Suppose you are standing at a top-left cell i.e [0,0]. You need to travel from its bottom-right cell [ which is row 1 and column 1]. You can easily move left, right or up and down and may also need to find a route that may require a minimum path.
The route time is considered as the absolute differences in the height between any two given consecutive cells of the required route. Then return the required minimum time to travel in case of its top-left cell to its bottom-left cell.
Input would be: Height [ 1, 2, 2] [ 3, 8, 2 ] [ 5, 3, 5 ]
The output in this case would be 2.
The route for the [ 1, 3, 5, 3, 5] will be having the needed maximum absolute differences as 3.
Input format:
Here, in the first line you can determine the required test cases in a problem. Each test case’s first line will contain two spaces that are separated by the integers having the required value in the first row. Second, would be the number of required columns in a 2d array.
Now in a 2d array, the input would be taken as the rows or columns that are entered there before. Also, lines in the input will be equal to the required number of rows while they would be separated by certain integers for each given row.
For example; the given row is 3 and the column is also 3. We will be having the 3 lines of input that are separated by the integers.
Output format:
For all the test cases, you can return the minimum time that is required in order to travel from a top-left cell to its bottom-left cell. You can print the desired output in some other line.
Approaches to follow
In order to find the path with the minimum efforts, you can follow below-mentioned approaches.
Approach 1
The basic idea behind this approach would be to use the dfs method in order to implement the parameter of TIME_LIMIT. It will be the maximum time that is needed to deal.
The idea here would be to use the binary search tree in order to find the small TIME_LIMIT to reach at the end point.
Algorithm:
- Ideally initialise the length of all rows, columns and the neighbours in a 2d list that consists of several moves that needs to performed on the height list
- Define the function as TIME_LIMIT for the maximum time to reach a particular destination. Take x and y coordinates for each of the iterations. Perform DFS traversal to visit all the neighbour nodes but make sure to not go out of a grid. Take into consideration the cells which are not yet visited
- You can also make use of a binary search tree. Though, if the TIME_LIMIT = -1, you may not reach at the end.

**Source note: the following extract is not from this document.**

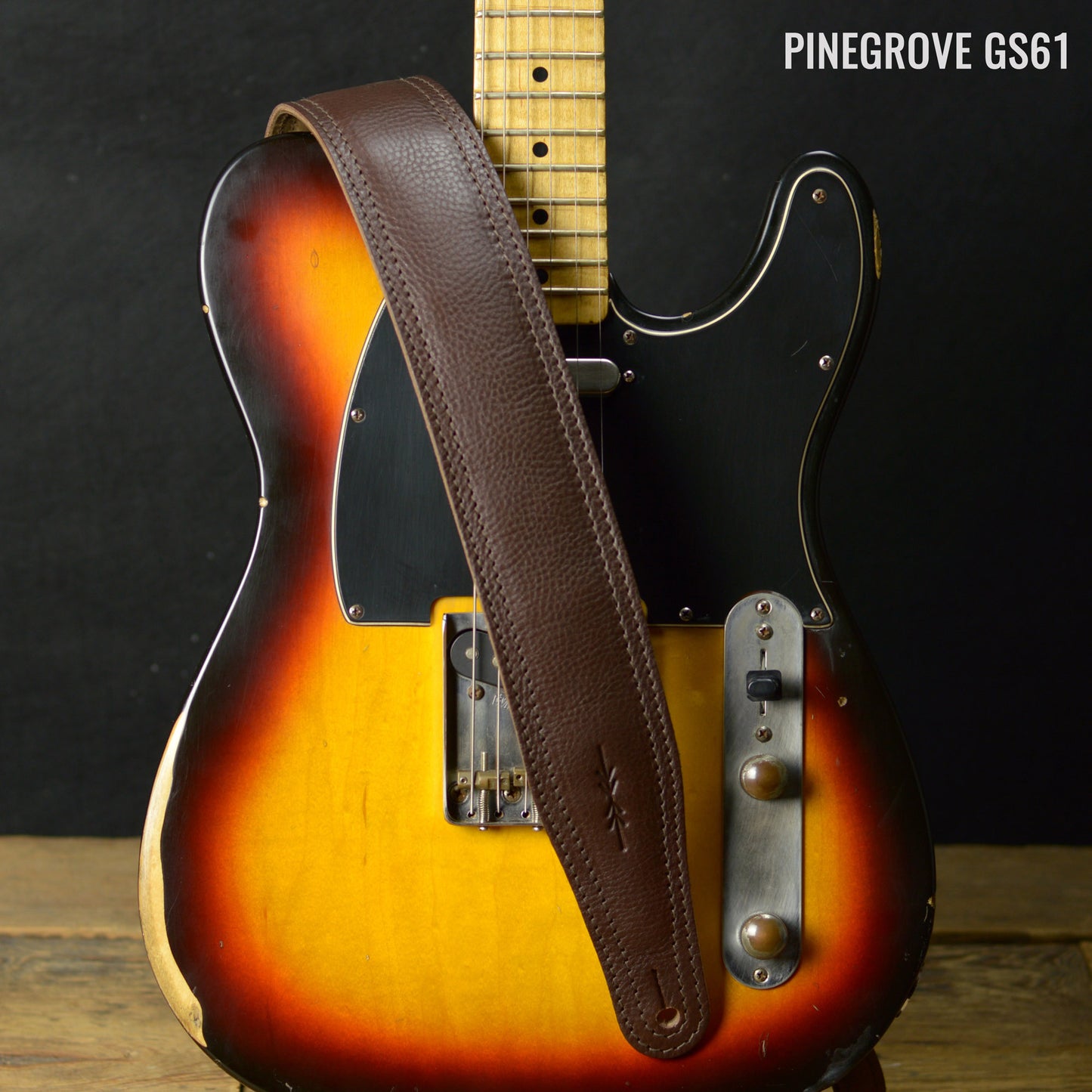 GS61 Padded Guitar Strap - Natural Leather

- Return the minimum time that is required to traverse from the source till its destination.
Approach 2
The main idea of this approach would be to think how a program will be modelled with the help of an undirected graph and can be solved with the help of a Dijkstra algorithm with the help of BFS search traversal.
Algorithm:
- First initialise the rows, columns, 2d lists or arrays. The heights of the given 3d cells in this case are initialised with the neighbouring array that comprises of all valid set of moves
- Initialize required priority_queue which needs to get the time of cell [i,j]
- Traverse all the items that are present in any queue until that queue will become empty. Take the note of minimum time which is required to reach the node
- Extract all cells with minimum time in order to look at all its neighbours
- For all iterations, you can pop vertex with that of the minimum time.
- Though, if the time is short than its current best time, relax the value to take it to the heap
- End the required loop to reach at the bottom cell and to return the value of the minimum time that you have obtained
Program solution
Consider the program solution to find the path with the minimum efforts:
Class solution:
def minimumeffortPath (Self, heights:
List [ list [ int]] – > int:
Start = 0
end = 1000000
while start + 1 < end:
Mid = [ start + end ] // 2
if self.dfs [ heights, set (), 0, 0 , mid]:
end = mid
Else:
start = mid
if self.dfs [ heights, set (), 0, 0, mid):
end = mid
Else:
start = mid
If self.dfs (height, set (), 0, 0, start):
Return start
If self.dfs (height, set (), 0, 0, end)
Return end
return-1
def dfs [ self, height, visited, x, y, limit):
If x = len[heights] – 1 and y = lens [heights [0] -1:
return true
The time complexity in this case would be the O [MN] where the M signifies the number of rows in a given matrix and the N signifies the number of columns.
The space complexity in this case will be O [MN]
Wrapping Up
From arrays to binary heap to reversing words in a string, you come across several interesting coding topics.
In this blog, we have tried to explain in-depth the topic of path with minimum effort. Read this blog and keep it as your benchmark to ace on it.